What to produce
Below is a listing with pictures. Repeat exactly the lines starting at the one holding "Derby of Sweden, Pipe" and going on through the one holding "Worn and Torn Newbie Chapter 125 Gambar 53", and leave every picture out.

Material shown
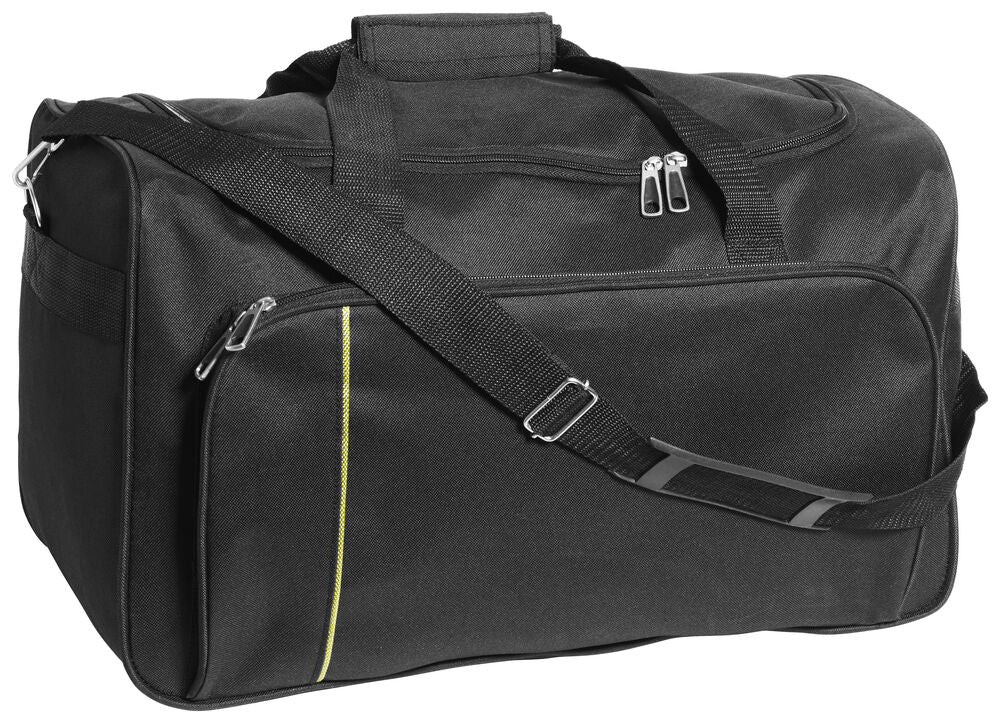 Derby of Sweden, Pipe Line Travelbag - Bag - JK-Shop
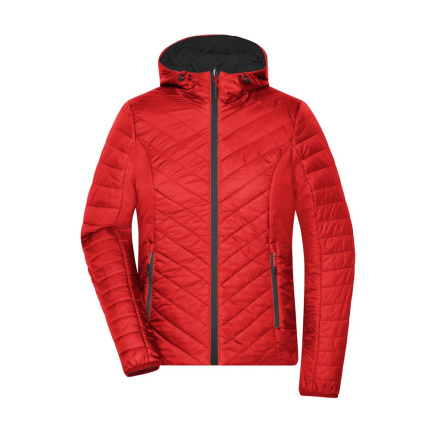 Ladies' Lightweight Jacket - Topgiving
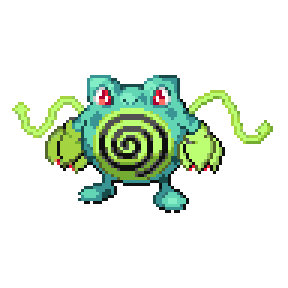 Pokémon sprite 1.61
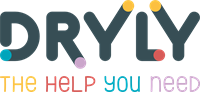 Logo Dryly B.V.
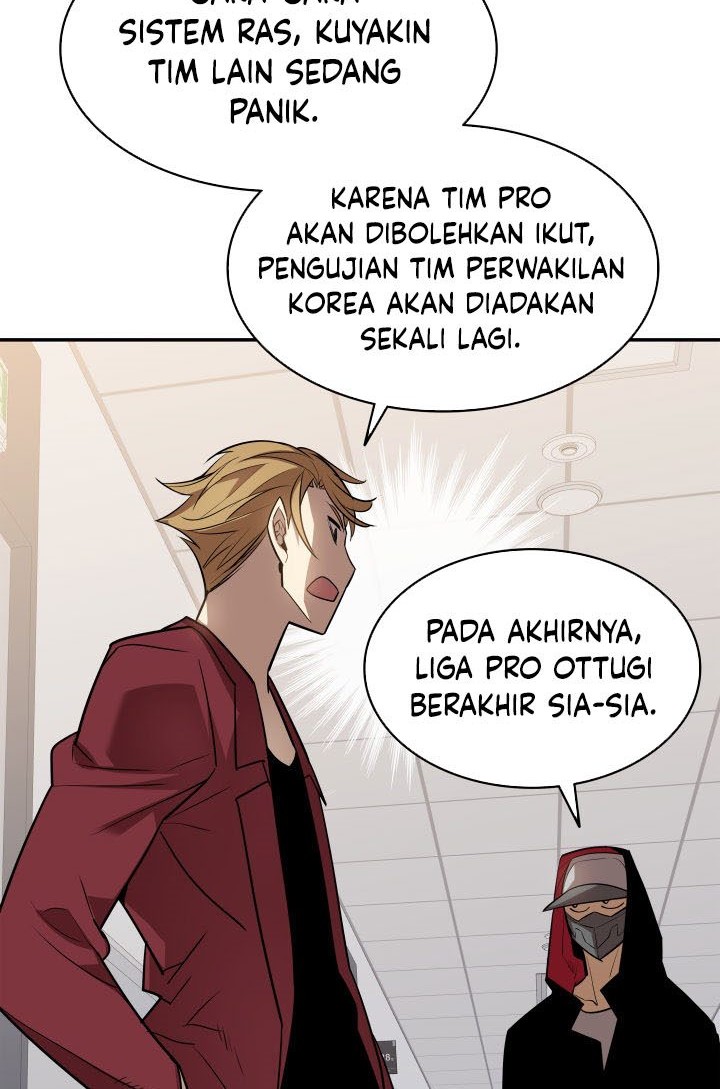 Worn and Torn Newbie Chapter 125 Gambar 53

---

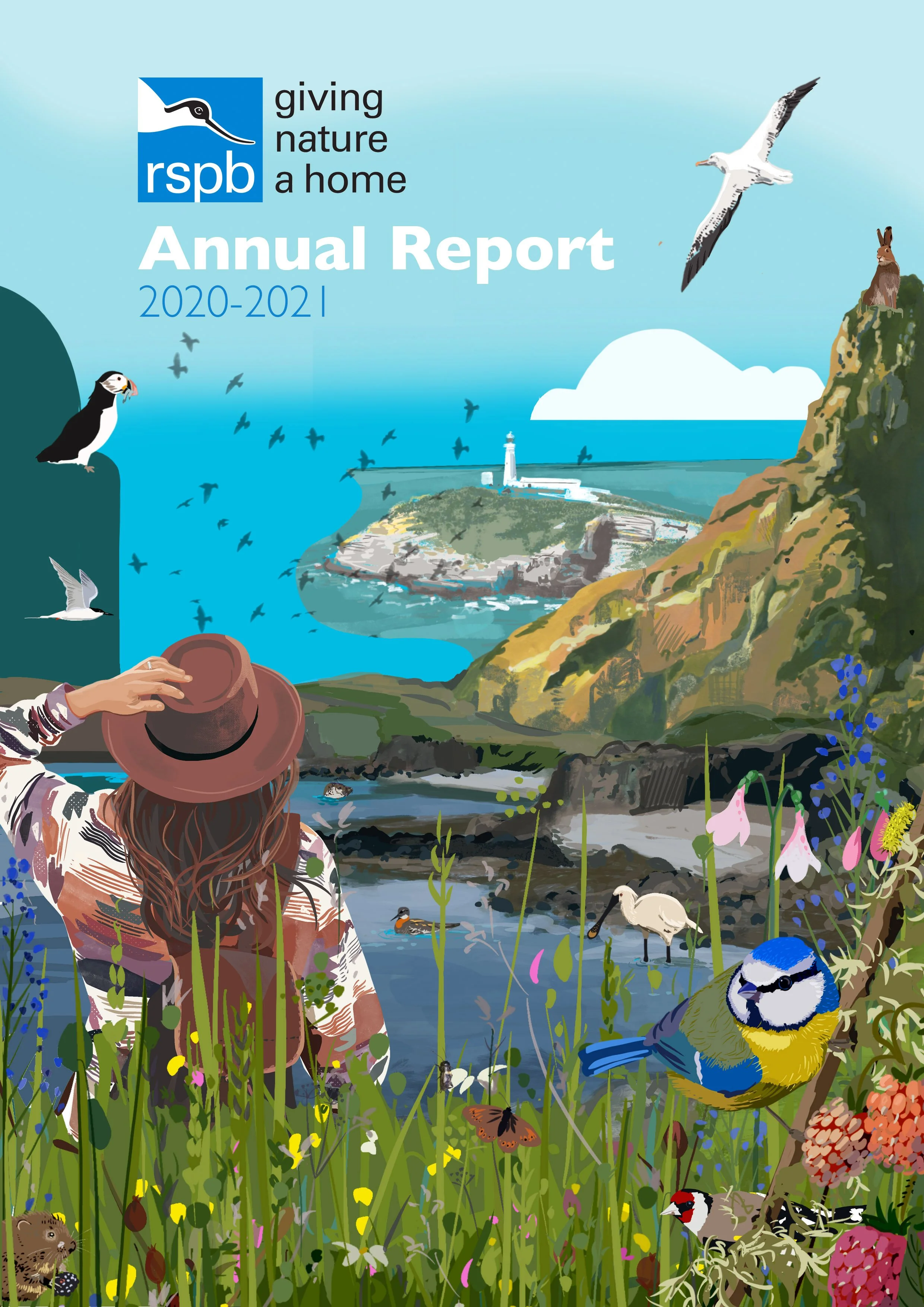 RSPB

Answer section
 Derby of Sweden, Pipe Line Travelbag - Bag - JK-Shop
 Ladies' Lightweight Jacket - Topgiving
 Pokémon sprite 1.61
 Logo Dryly B.V.
 Worn and Torn Newbie Chapter 125 Gambar 53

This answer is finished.